Apple's radical new Mac server strategy

Mac OS X Lion Server represents a shift toward supporting fleets of iPhones and iPads on business networks

The first app made for Lion to hit the App Store is a real eye-opener: Mac OS X Lion Server, costing $49, a tiny fraction of Snow Leopard Server's $499 price tag. With that, Mac OS X Server as we knew it is no more. To sweeten the deal, Apple is throwing in Xsan, the SAN software Apple used to sell for $999. With Mac OS X Lion Server, a Mac Pro with a Fibre Channel card becomes a scary-fast, bulletproof distributed storage server for Mac networks.

Sounds like a steal, but it's also a move that raises prickly questions. Critics will point to Lion Server's drop in price, the abolishment of node-locked licensing, and simplification of the administrative GUI as foreshadowing Apple's departure from the server market. The $49 price tag doesn't mitigate the risk of implementing a server platform that's in decline.

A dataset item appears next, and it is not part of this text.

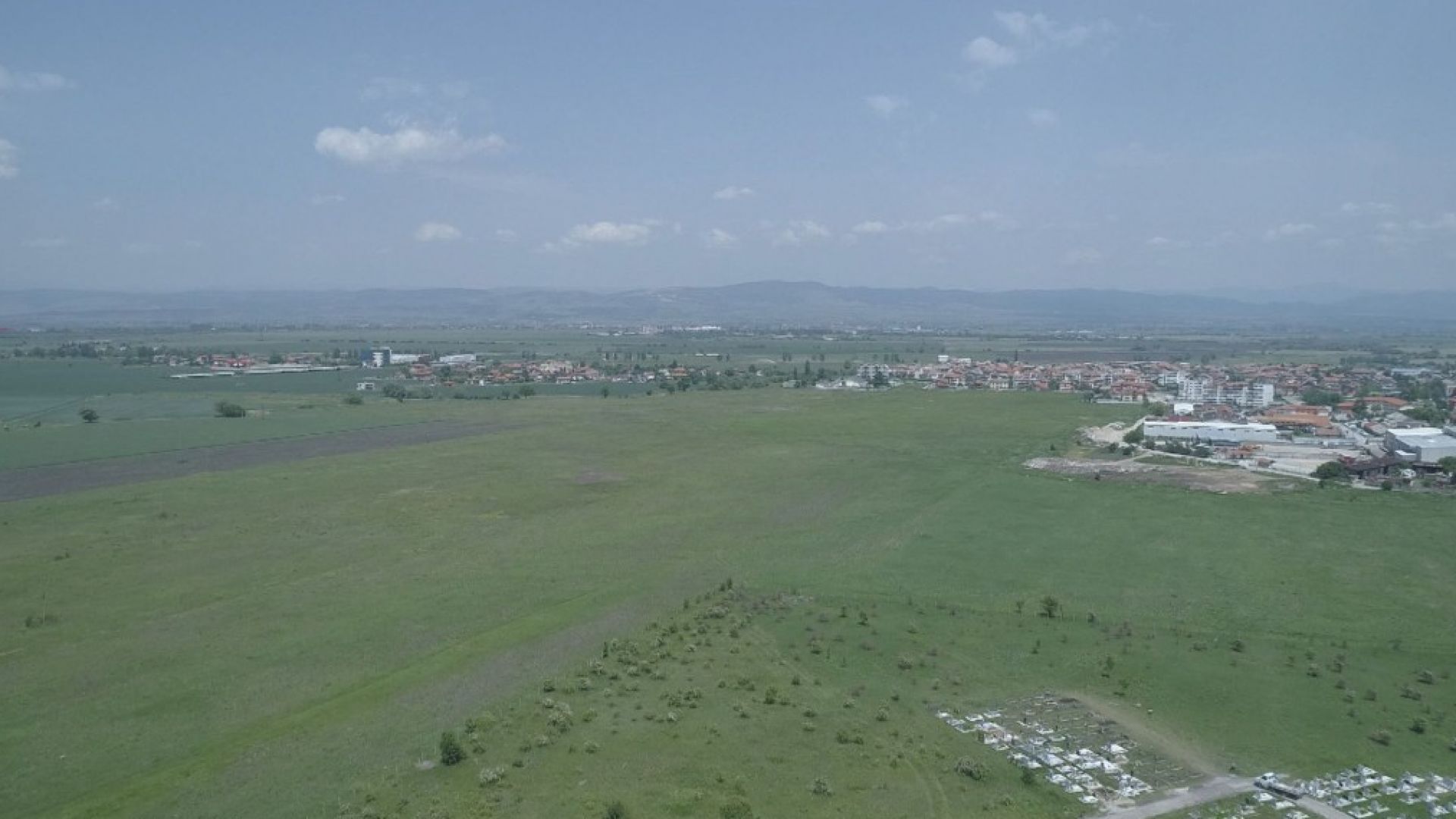 Търгът за продажба на земя в Община Божурище е бил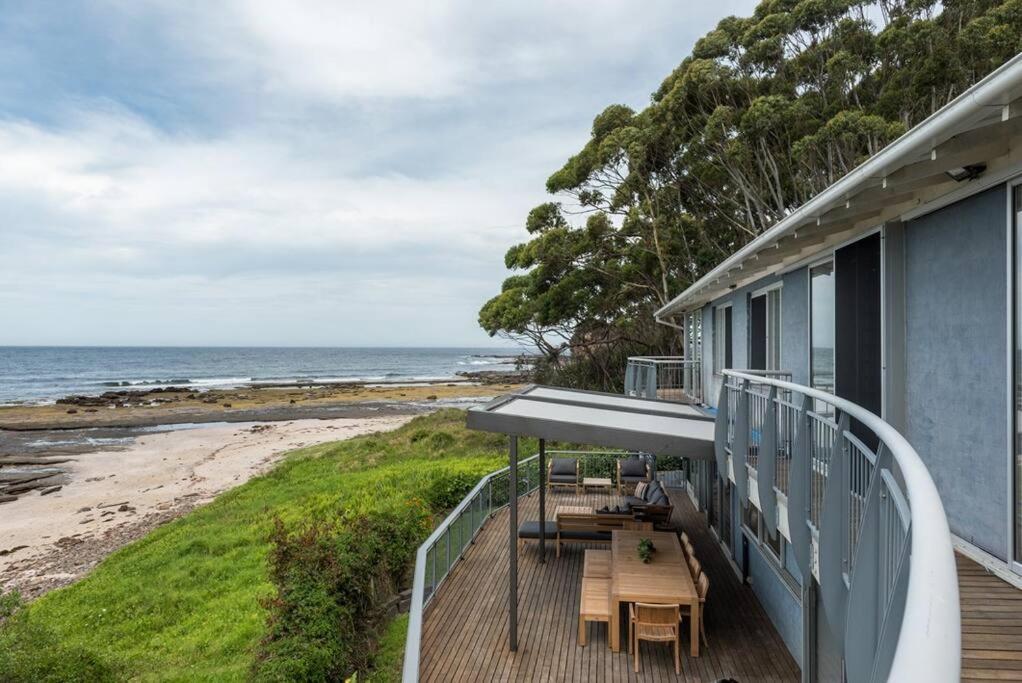 'Nirvana' - Beachfront Luxury Family Home Mollymook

However, I seriously doubt that's an issue. Lion Server looks nothing like a last gasp. It appears instead to signal a shift in mission: Instead of trying to displace enterprise Windows, Linux, and big iron Unix servers, Lion Server focuses primarily on providing easily managed native network services to workgroups of iOS and Mac users. One server facility in particular illustrates Apple's new approach.

Lion Server's Profile Manager is key to enterprise deployments of iOS devices. For user-owned devices that connect to company infrastructure, Profile Manager can configure the device for company services, including services not hosted by Mac OS X or iCloud. Company-owned iPads and iPhones can be locked down with profiles that apply to arbitrarily defined groups of users or devices. In both cases, all the user has to do is visit a Web portal that Lion sets up and hosts automatically; no tethering to an IT configuration terminal is required. After the profile is loaded, updates can be pushed to a device over the air, along with emergency commands like remote wipe and password change.

That's just one of Lion Server's rich array of services. For $49, it equips your network with any combination of file, email, calendar, Web, chat, podcast, VPN, directory, and backup (Mac only) services. Apple's commitment to standards means that Lion Server remains a good candidate for general-purpose use. As I've alluded to here and will elaborate on in a forthcoming review, Lion Server takes a hard turn toward usability and places an emphasis on service to users with Apple hardware.